Following this month’s launch of Aurora’s first share offer to private investors, Phoenix’s Tristan Chapple popped into Citywire to talk about the ‘secret sauce’ applied to the now punchy portfolio of turnaround stocks.
In this video interview Chapple relates how Aurora’s managers upped their holdings in housebuilders Barratt Developments (BDEV), Bellway (BWY) and Redrow (RDW) after last year’s Brexit vote but recently took profits after seeing their shares soar.
This has left Aurora with 15% cash, prompting Chapple to explain the investment return Phoenix will seek for shareholders from any investments it buys with the money.
Can’t watch now? Read the transcript
Gavin Lumsden: Hello, with me today is Tristan Chapple, director of Phoenix Asset Mangement Partners, which manages Aurora, a small investment trust that they took over a while ago and turned around into a deep value fund. Tristan, very good to see you.
Tristan Chapple: Good to see you Gavin.
GL: You’re looking to raise more money with a share placing and offer. It’s going to be made available to private investors via the normal investment platforms, so tell us a bit about the fund. What is it you’re aiming to do?
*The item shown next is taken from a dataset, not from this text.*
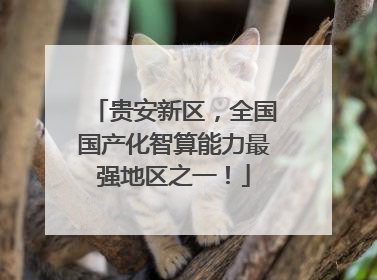 贵安新区，全国国产化智算能力最强地区之一！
TC: So until this point our strategy has been available to institutions, wealth managers, family offices. Through the intermediary offer that we’re doing this September it’s the first time that we can broaden that out a bit and give an opportunity for the retail investor through the platforms to access the Phoenix investment style.
GL: And what is so special about the Phoenix style?
TC: I think it’s just common-sense investing. It’s a very concentrated, stock-picking fund so at any one point we’ve got between 12 and 20 names in the portfolio.
GL: It’s not many.
TC. It’s not many. The top five often account for half of the assets. So it’s punchy. It’s conviction investing. And the secret sauce if we’re trying to explain what really makes us different is the research that we do. So we think part of having a very concentrated portfolio is that you have to have unique insights into things that you own and you only get those insights by doing proprietary research, finding out things that other people don’t know.
GL: So for example you take a great deal of interest in housebuilders. You go around their sites and get a really good understanding of their businesses. So you have big positions in the likes of Barratt Developments, Redway and the like … Redrow, sorry. But you’ve taken some profits there, particularly on Barratt. Why is that?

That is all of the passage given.